I wouldn't want metal wheels though, ones I had seemed to pickup up more dirt & grime.


----------



## pmcgurin (Sep 7, 2010)

I have at least a couple of hundred freight cars, and many are Micro Trains cars. On most of the rest I have used Micro Trains trucks. I changed a lot of the freight cars to Kato couplers, an early design of Kato, because they work and are cheap.

I have some Atlas lighted passenger cars, probably from the 60s or 70s. Replacing the truck might require a change or loss of the pickup, so I used Kato couplers on these to keep the same truck with its power pickup.


----------



## Wooky_Choo_Bacca (Nov 13, 2020)

When I started out on my railroad I got the Kato Silver Streak Zephyr, it has metal wheels for the light kits I added to the cars. Then I went on a quest of freighters, box cars and fuel tankers with a set of 4 covered hoppers with the logo of a company I used to work for (never expected THAT). Some of these had Rapido couplers and others wouldn't roll far for whatever reason, I found an ebay vendor who sold M/T trucks with knuckles. I figure that unless I'm going to be lighting a car plastic wheels will do fine, I know others like the sounds of metal wheels on metal track better


----------



## Mixed Freight (Aug 31, 2019)

8 year-old+ thread............ but still timeless.

When you see a prototypical 4-engine lashup pulling a string of of 70~80 or 100 freight cars around an N-Trak modular layout, the freight cars all have one thing in common............. MTL trucks & couplers.
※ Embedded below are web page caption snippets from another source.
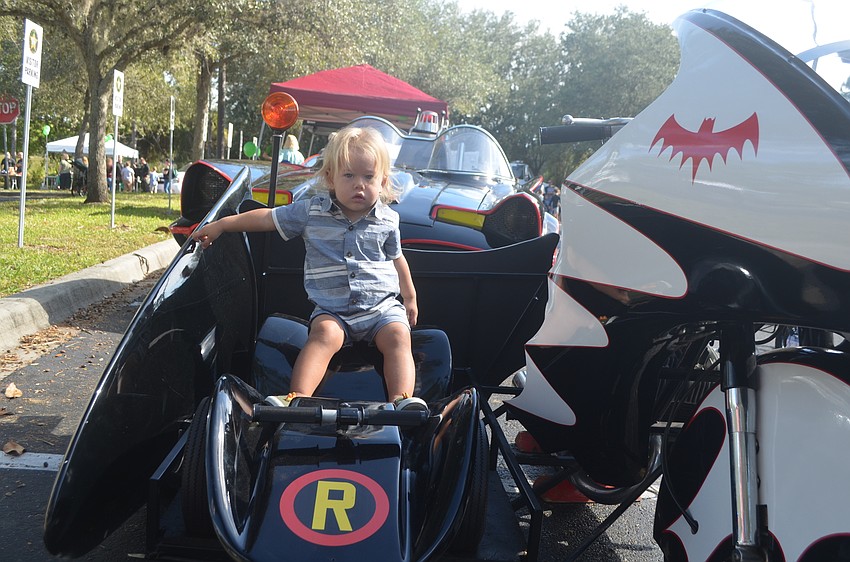 Noah Ricker takes a seat in the sidecar of the Batcycle.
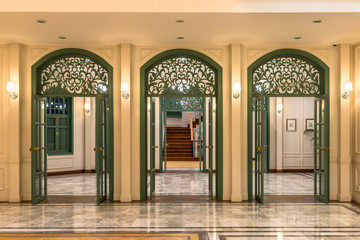 Classic of three green wooden door and marble floor vintage style interior decoration
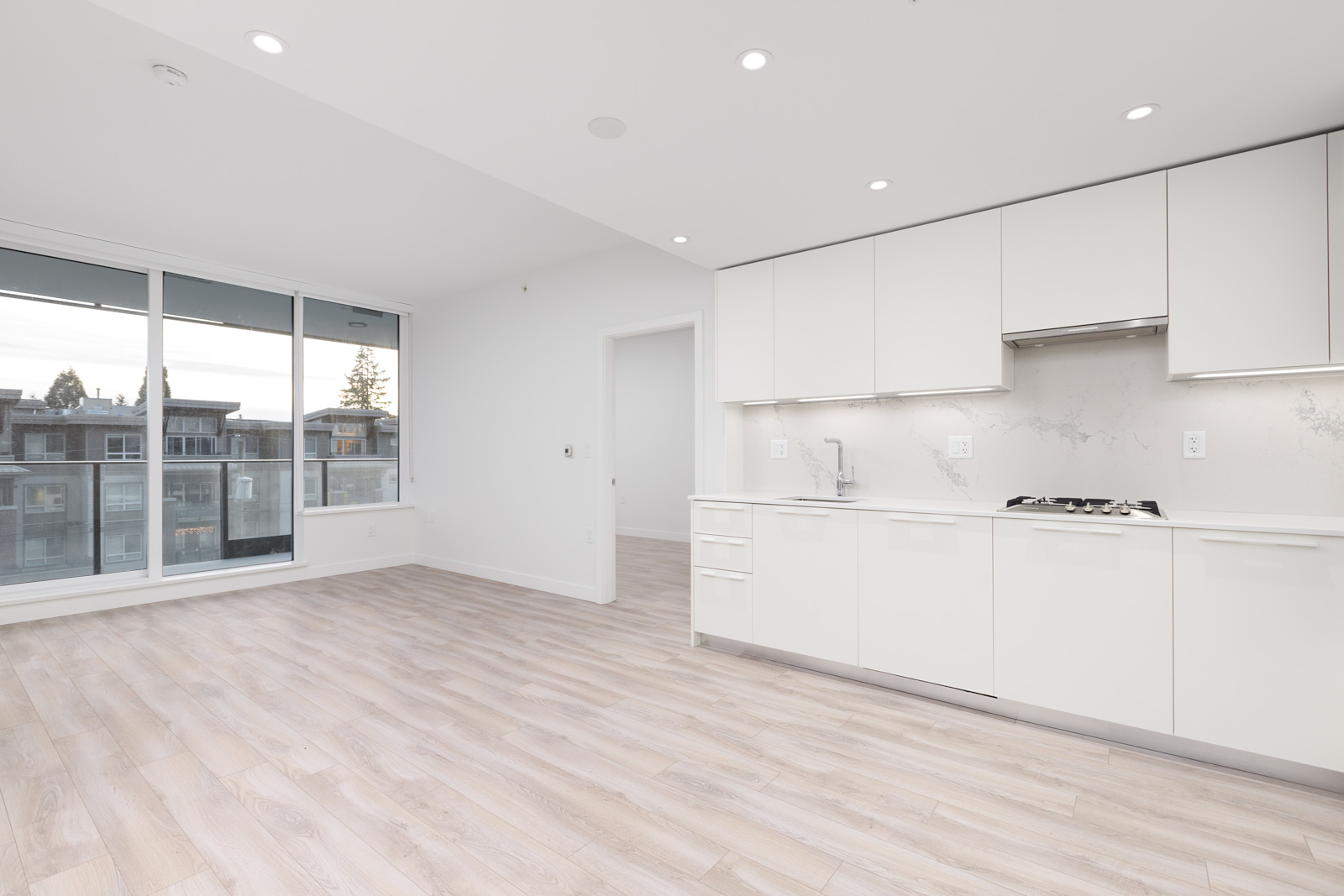 Modern, unfurnished kitchen and living area with light wood floors, white cabinets, and large windows.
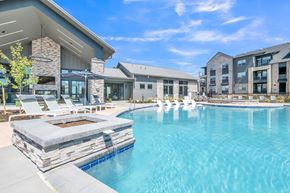 Erie apartment for rent - A large swimming pool with a stone bench in front of a modern building.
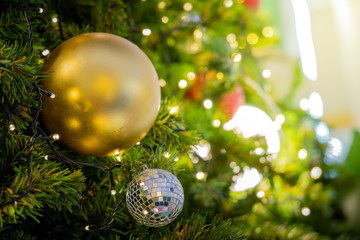 Gold Christmas background of de-focused lights with decorated tree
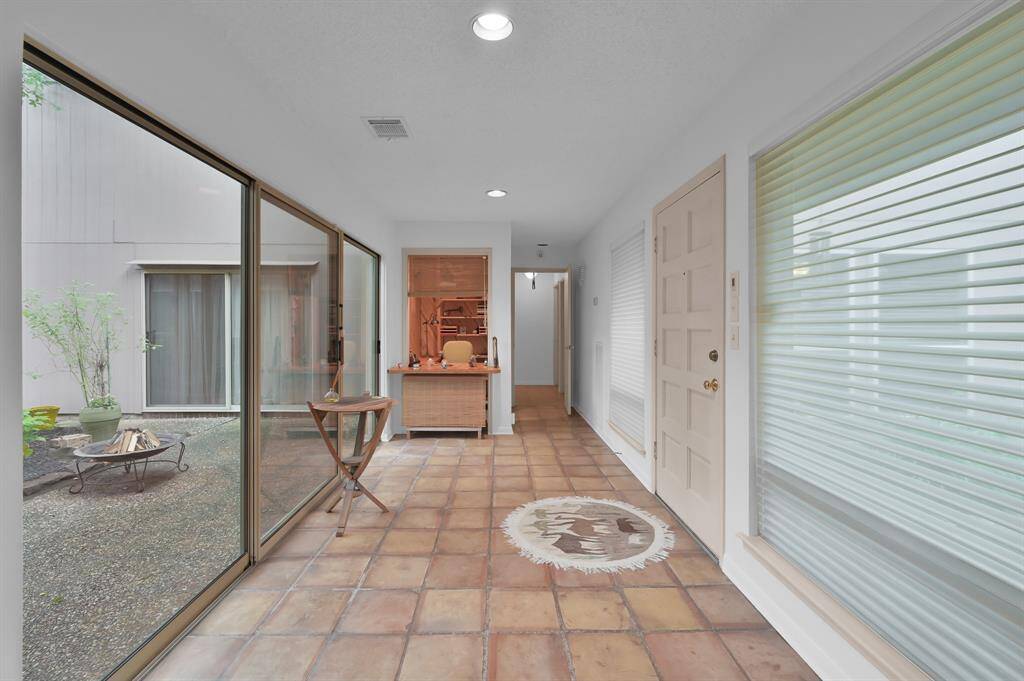 Entry opens to nature of atrium.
The only drawback to the plastic MTL wheels is that they do tend to pick up crud faster than metal wheels. Outside of that, you can take any old N-scale car (there have been some very nice ones made over the years that are no longer available new), properly weight them, put MTL trucks and couplers on them, and you have a super-nice car to add to your rolling stock that is every bit as good as a brand new MTL car. Probably around 25% (or more) of my N-scale rolling stock is made up of such cars.

Paul.


----------



## Wooky_Choo_Bacca (Nov 13, 2020)

OOPS I did it agin LOL, didn't check da date, oh well it happens


----------



## traction fan (Oct 5, 2014)

Brakeman Jake said:


> Most of my rolling stock are used items (from Ebay),mostly Rivarossi Heavyweights and a bunch of cattle cars of different brands that are all equipped with Rapido couplers.I've tried replacing the couplers on one of them and it's a real pain with my 61 year old eyesight.And since some trucks do show some wear,I'm thinking of replacing them all with pre-assembled M/T trucks.
> 
> Are these worth it? Can I expect trouble free operation with these trucks? I visited Micro-Trains website and I've found what may be a flaw...all the trucks shown have black wheels. Are these plastic or blackened metal wheels? Nowhere on the site I could find this info. If I buy these, do I need to buy separate axle sets to have metal wheels? And even with their separate axle sets, they don't say if they're metal or plastic.
> 
> Their product may be very good but their info is lacking.



Brakeman Jake;

Micro-Trains trucks are well-made, nicely detailed, and very free-rolling. While there's no such thing as truly trouble free operation on any model railroad, they are very good trucks, and work quite well. They do come with plastic wheels in them. Perfectly round, free-rolling, and properly-gauged, plastic wheels, but plastic none the less.
Micro-Trains does make replacement wheelsets in both plastic and metal. The new metal M-T wheelsets have metal wheels on a plastic axle. Other brands of after-market metal wheelsets , like Intermountain, and Fox Valley Models, have metal wheels on metal axles. The axles of the Micro-Trains metal wheelsets are designed to fit M-T truck frames naturally. So are some of the others, but there are slightly different axle lengths available in order to fit various brands of trucks. The package lists the brands of trucks that the wheelsets are designed to fit. The difference in axle lengths is tiny, a few hundredths of an inch. I've been able to gently pinch together, or spread the truck frames to fit the "wrong" axles.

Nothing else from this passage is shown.